From 2b8a823c4ab0ad089aefd903abc6c702b52bd420 Mon Sep 17 00:00:00 2001
From: shadow <shadow>
Date: Thu, 21 Aug 2008 06:08:58 +0000
Subject: [PATCH] avoid I/O failures after umount during fail back Branch b1_6
 b=16611 i=green i=rread

---
 lustre/ChangeLog       |  8 ++++++++
 lustre/ptlrpc/import.c | 33 ++++++++++++++++++++++++---------
 2 files changed, 32 insertions(+), 9 deletions(-)

diff --git a/lustre/ChangeLog b/lustre/ChangeLog
index 32141756be..b29653bf2f 100644
--- a/lustre/ChangeLog
+++ b/lustre/ChangeLog
@@ -38,6 +38,14 @@ tbd Sun Microsystems, Inc.
 	* Output of lfs quota has been made less detailed by default,
 	  old (verbose) output can be obtained by using -v option.
 
+Severity   : normal
+Bugzilla   : 16611
+Frequency  : on recovery
+Description: I/O failures after umount during fail back 
+Details    : if client reconnected to restarted server we need join to recovery
+             instead of find server handler is changed and process self eviction
+             with cancel all locks.
+
 Severity   : enhancement
 Bugzilla   : 16633
 Description: Update to RHEL5 kernel-2.6.18-92.1.10.el5.
diff --git a/lustre/ptlrpc/import.c b/lustre/ptlrpc/import.c
index 0986cc11e7..5d7252d781 100644
--- a/lustre/ptlrpc/import.c
+++ b/lustre/ptlrpc/import.c
@@ -705,19 +705,34 @@ static int ptlrpc_connect_interpret(struct ptlrpc_request *request,
                 if (memcmp(&imp->imp_remote_handle,
                            lustre_msg_get_handle(request->rq_repmsg),
                            sizeof(imp->imp_remote_handle))) {
+                        int level = msg_flags & MSG_CONNECT_RECOVERING ? D_HA :
+                                                                         D_WARNING;
+
+                        /* Bug 16611/14775: if server handle have changed,
+                         * that means some sort of disconnection happened.
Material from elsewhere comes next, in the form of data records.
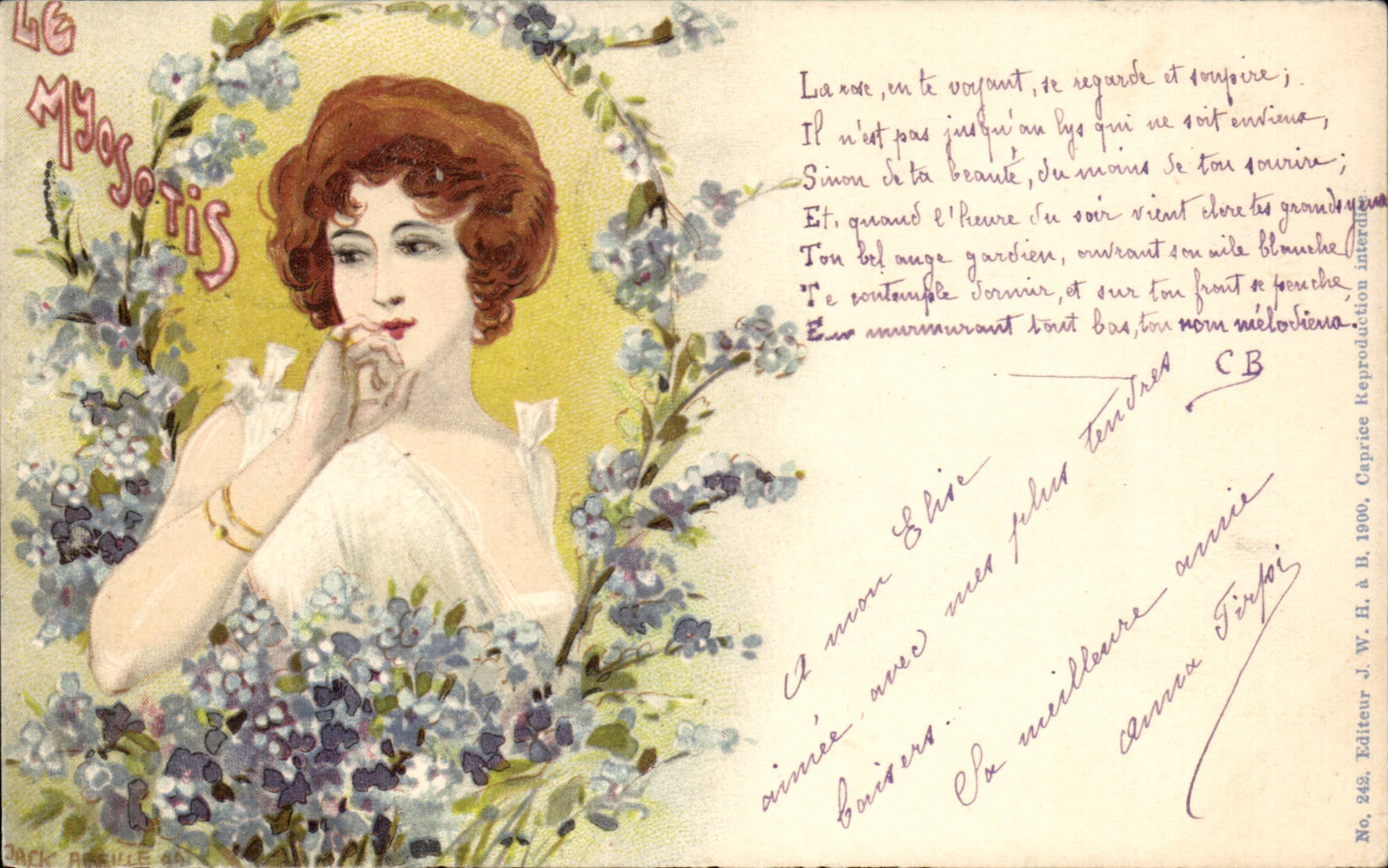 CPA Fantaisie Femme Jack Abeille TOP Le Myosotis (fleur)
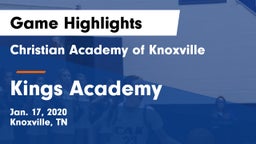 Christian Academy of Knoxville vs Kings Academy Game Highlights - Jan. 17, 2020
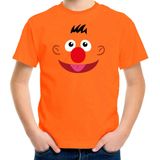 Oranje cartoon knuffel gezicht verkleed t-shirt oranje voor kinderen - Carnaval fun shirt / kleding / kostuum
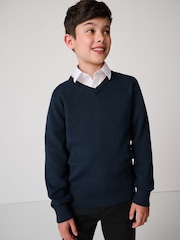 Clarks Navy Unisex Knitted School Jumper - Image 4 of 11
+                         * If the server is not in recovery, that also means it
+                         * already erased all of our state because of previous
+                         * eviction. If it is in recovery - we are safe to
+                         * participate since we can reestablish all of our state
+                         * with server again */
+                        CDEBUG(level,"%s@%s changed server handle from "
+                                     LPX64" to "LPX64"%s \n" "but is still in recovery \n",
+                                     obd2cli_tgt(imp->imp_obd),
+                                     imp->imp_connection->c_remote_uuid.uuid,
+                                     imp->imp_remote_handle.cookie,
+                                     lustre_msg_get_handle(request->rq_repmsg)->
+                                                                        cookie,
+                                     (MSG_CONNECT_RECOVERING & msg_flags) ?
+                                         "but is still in recovery" : "");
 
-                        CWARN("%s@%s changed server handle from "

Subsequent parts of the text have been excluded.